The houses, including this home, were built from stock brick with stucco dressings. The result is a multifarious and charming early Victorian street, which has survived remarkably intact; most houses on the road have been restored to their original glory. Pavements on the road benefit from a recent community-wide planting of olive trees, which have been planted around signposts to soften the urban vistas along this wide-set thoroughfare. For more information, please see the History section.
The Grand Tour
Set back from the street, behind cast-iron spearhead railings covered in jasmine, the house is accessed through the front garden featuring a pink hawthorn tree and a mature foxglove tree . A grand entrance porch lies to the right of the façade; Coade stone lions stand guard atop the entrance piers above the main steps. Six/six sash windows punctuate stock brick, and the house is crowned with a hipped Welsh slate tile roof.

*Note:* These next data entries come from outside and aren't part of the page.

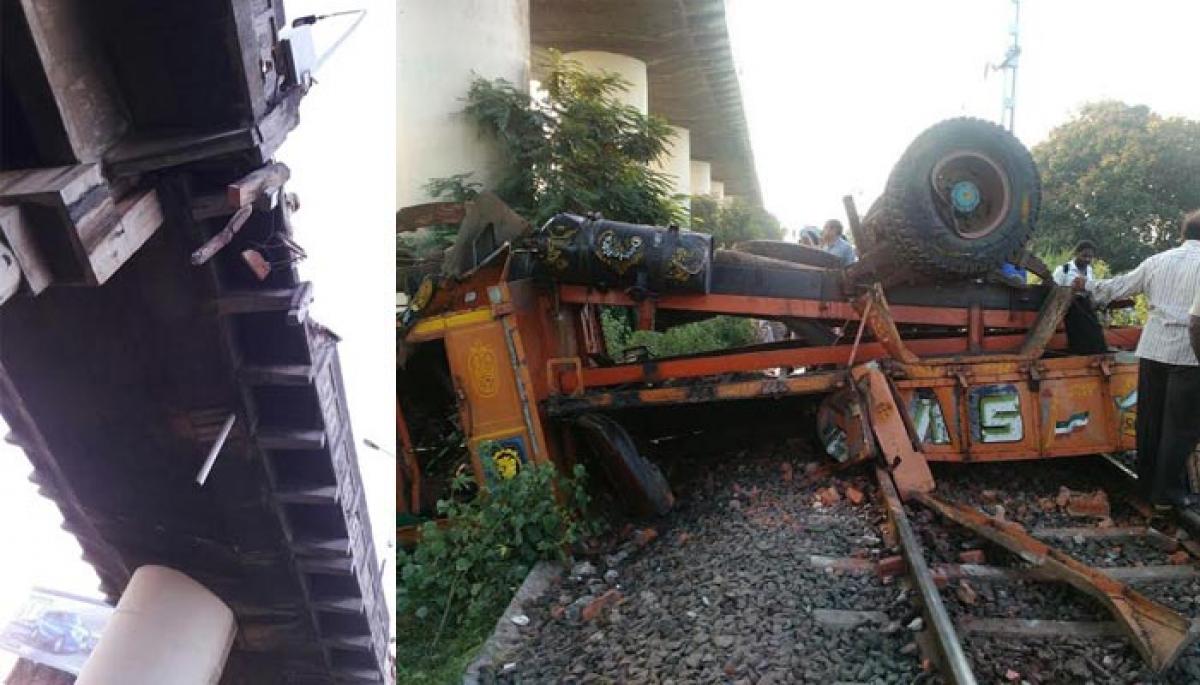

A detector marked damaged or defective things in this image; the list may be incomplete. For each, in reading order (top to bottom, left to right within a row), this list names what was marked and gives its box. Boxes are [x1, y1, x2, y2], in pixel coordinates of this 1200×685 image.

broken wooden plank [226, 161, 290, 207]
broken wooden plank [192, 203, 253, 265]
damaged truck frame [396, 119, 1200, 676]
broken brick [816, 487, 844, 508]
broken brick [844, 484, 864, 506]
broken brick [1065, 489, 1108, 518]
broken brick [633, 527, 662, 549]
broken brick [878, 556, 902, 578]
broken brick [955, 549, 984, 566]
broken wooden plank [912, 494, 1195, 676]
rusty metal frame [916, 496, 1200, 671]
broken brick [578, 590, 624, 623]
broken wooden plank [955, 619, 1123, 643]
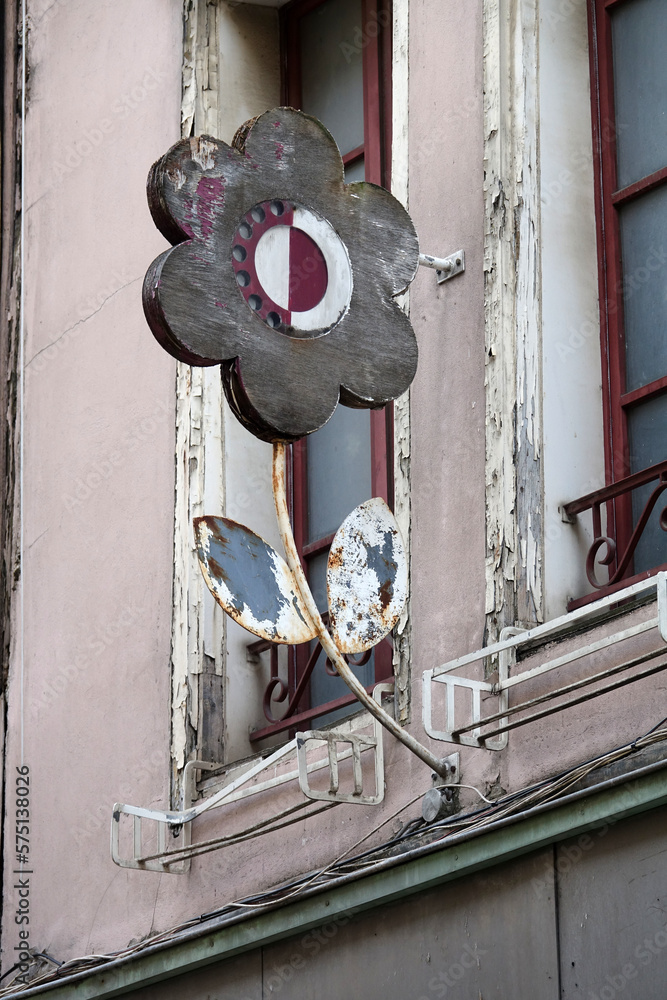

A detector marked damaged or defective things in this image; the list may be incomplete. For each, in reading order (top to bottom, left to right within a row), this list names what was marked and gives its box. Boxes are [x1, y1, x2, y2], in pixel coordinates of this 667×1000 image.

rusty metal surface [194, 512, 318, 644]
rusty metal surface [328, 500, 408, 656]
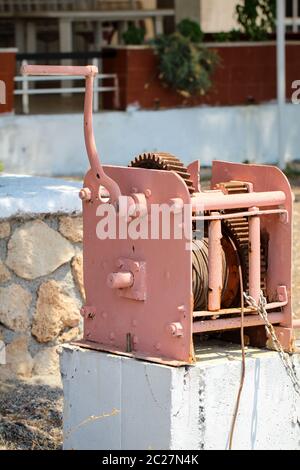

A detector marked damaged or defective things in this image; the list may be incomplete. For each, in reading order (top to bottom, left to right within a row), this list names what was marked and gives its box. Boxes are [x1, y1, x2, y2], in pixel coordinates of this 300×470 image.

rusty winch [22, 65, 298, 368]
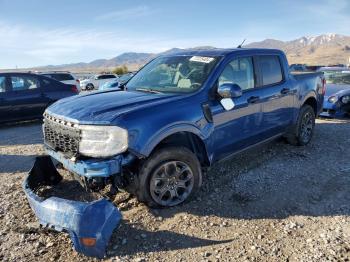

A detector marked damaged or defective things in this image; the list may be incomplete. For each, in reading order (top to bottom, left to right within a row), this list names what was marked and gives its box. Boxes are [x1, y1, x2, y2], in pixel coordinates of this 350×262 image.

broken headlight [78, 125, 128, 158]
crumpled fender [22, 156, 121, 258]
detached bumper on ground [22, 156, 122, 258]
damaged front bumper [22, 156, 122, 258]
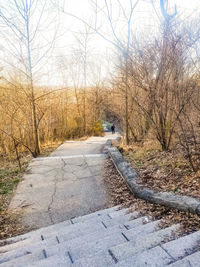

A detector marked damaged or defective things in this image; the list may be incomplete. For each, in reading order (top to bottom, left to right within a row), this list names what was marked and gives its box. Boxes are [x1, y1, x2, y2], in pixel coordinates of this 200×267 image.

cracked pavement [8, 133, 119, 229]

Entrance is to the generous hallway, papered in a charming botanical design. The house was built just a few years after the beginning of Queen Victoria’s reign and has several design details, including the beautiful Georgian cornice here, that are redolent of the earlier era. A clear vista extends from this hallway to the kitchen and garden beyond.
At the front of the house is the bipartite sitting room. Pale, chalky white walls and large windows with panelled shutters at both aspects allow exceptional light into the spaces. Carrara marble chimney pieces act as dual focal points. A jib door opens to an anteroom, currently used as a private sitting room, with French windows that open to the garden. A further study room is sequestered behind a handsome walnut bookcase and is accessed through a secondary jib door, set into the deep shelving.
The kitchen/dining room is at the rear of the plan. This room seamlessly connects with the garden through folding glass doors at both elevations. Roof lights set between exposed joists in the mono-pitched roof allow natural light to pour in. Charming floor tiles by Emery et Cie feature a stencilled design with vines and petite grenouille. The kitchen cabinetry and worktops are custom-made from American walnut and a butler sink is positioned centrally with a nickel-plate Lefroy Brooks Ionian crosshead mixer tap. The feeling of seclusion in this house is particularly clear from the kitchen; with the glass doors open, often the only sound audible is birdsong.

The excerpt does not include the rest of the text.